- _Data under study_
------------------------------------
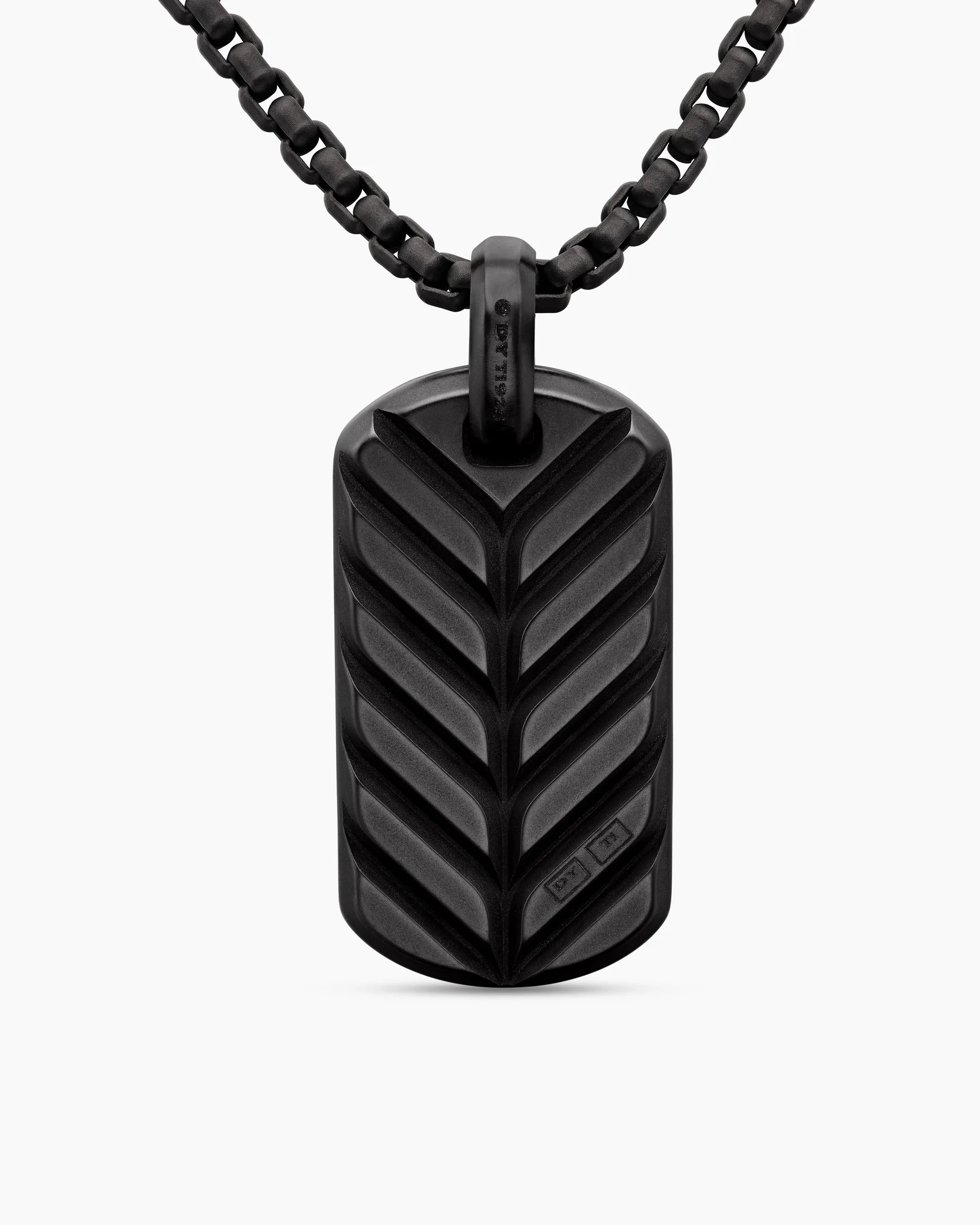 Chevron Tag in 18K Yellow Gold with Diamonds, 35mm 124 Chevron Tag in 18K Yellow Gold with Diamonds, 35mm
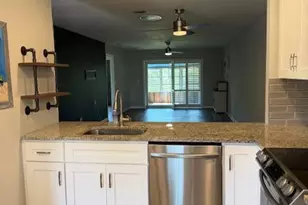 1219 S Lakes End Dr, Fort Pierce, FL 34982 - Photo 8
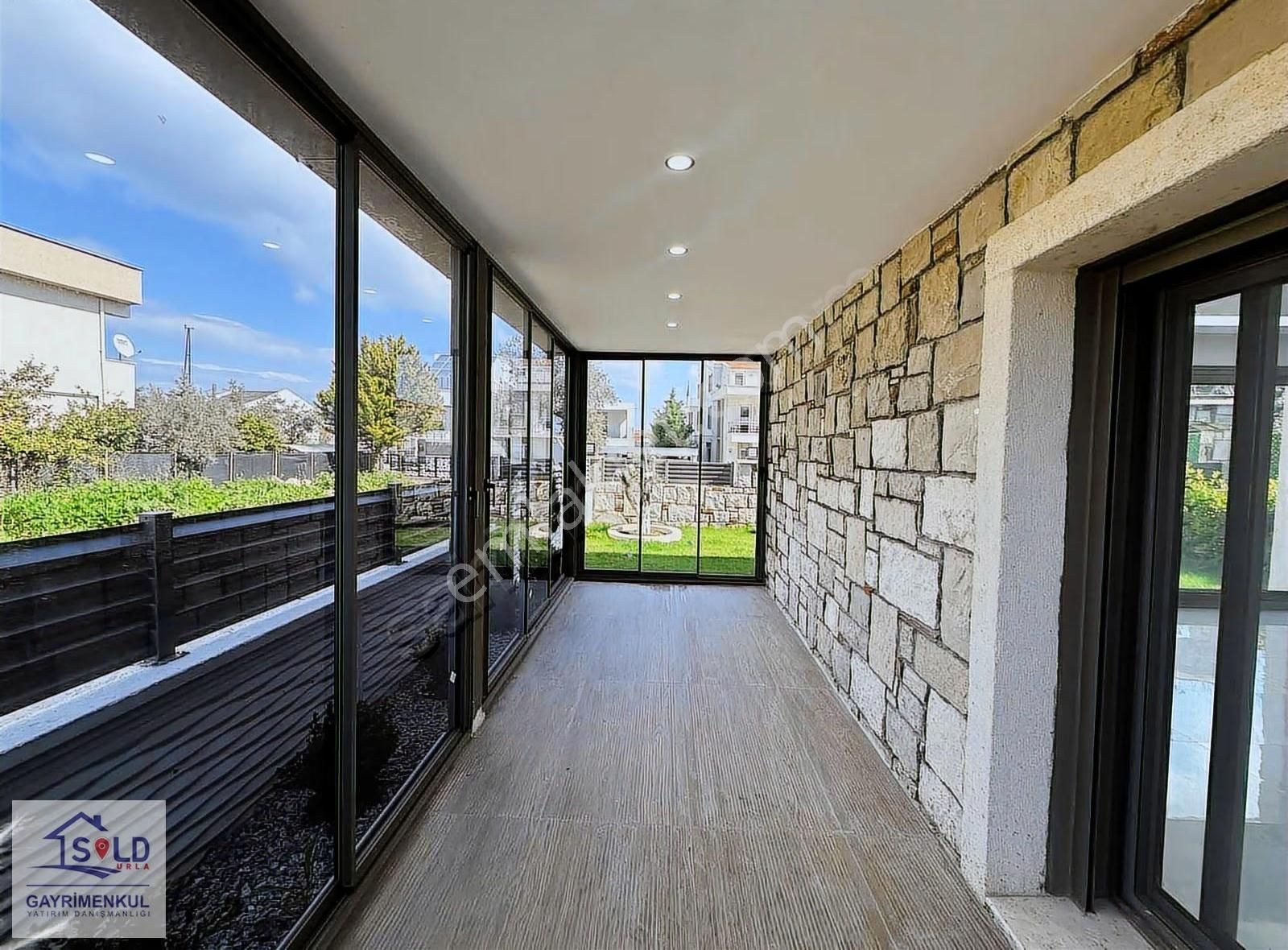 Urla Çeşmealtı Tam Müstakil Butik Site İçi Satılık Villa - Görsel 31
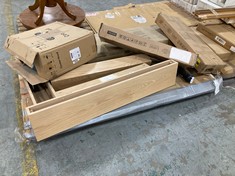 PALLET OF ASSORTED FURNITURE ITEMS/PARTS TO INCLUDE VIDA DESIGN LONGTON COMPUTER DESK (KERBSIDE PALLET DELIVERY)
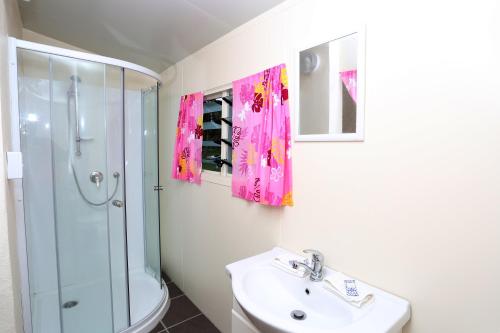 Kylpyhuone majoituspaikassa Ranginuis Retreat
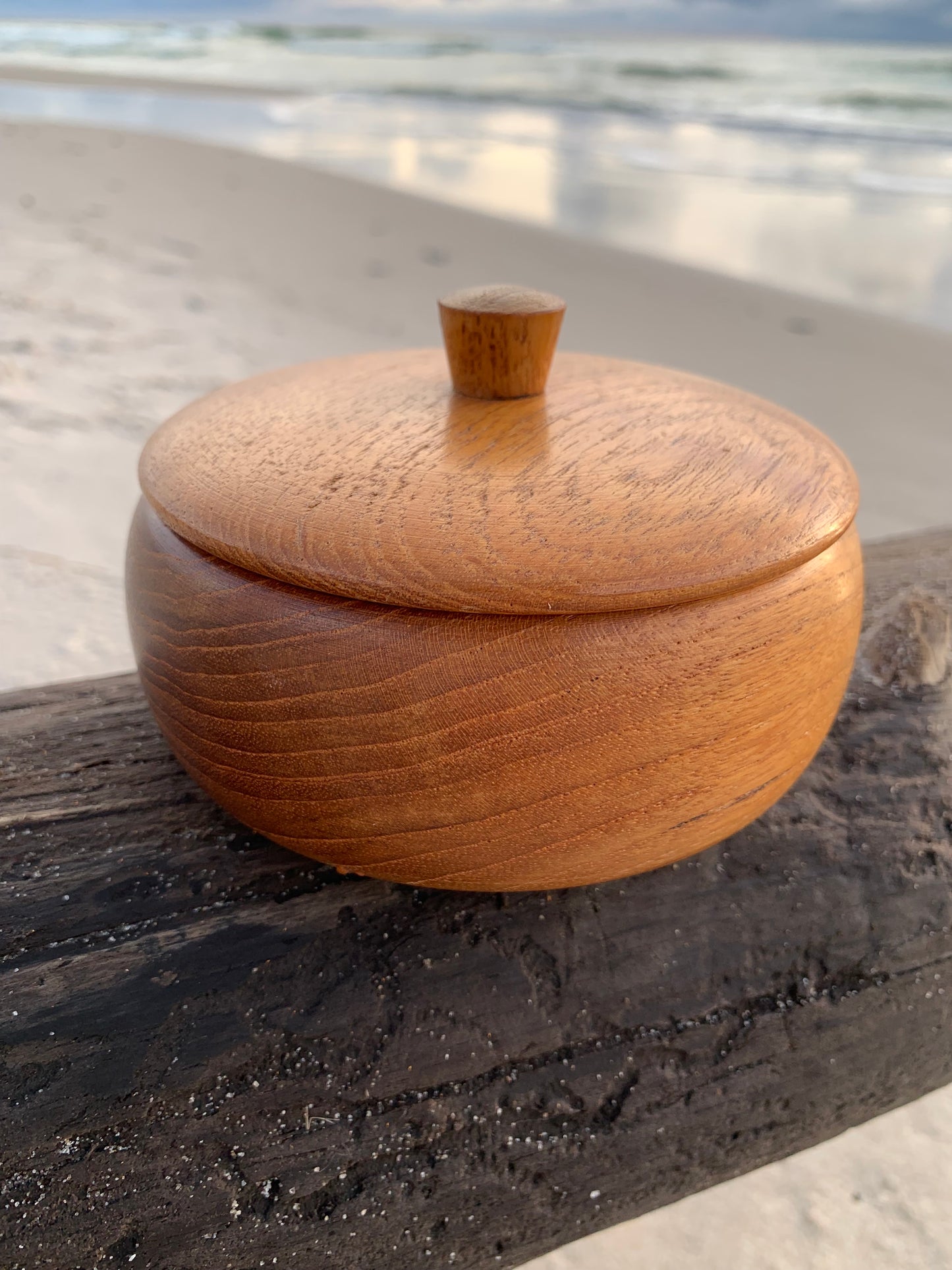 Teakburk med lock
------------------------------------
- _What the task asks_
With pictures excluded, the lines running from the one containing "Kylpyhuone majoituspaikassa Ranginuis" through the last line of the records above are to be restated exactly and in full.

- _Solution for this problem_
 Kylpyhuone majoituspaikassa Ranginuis Retreat
 Teakburk med lock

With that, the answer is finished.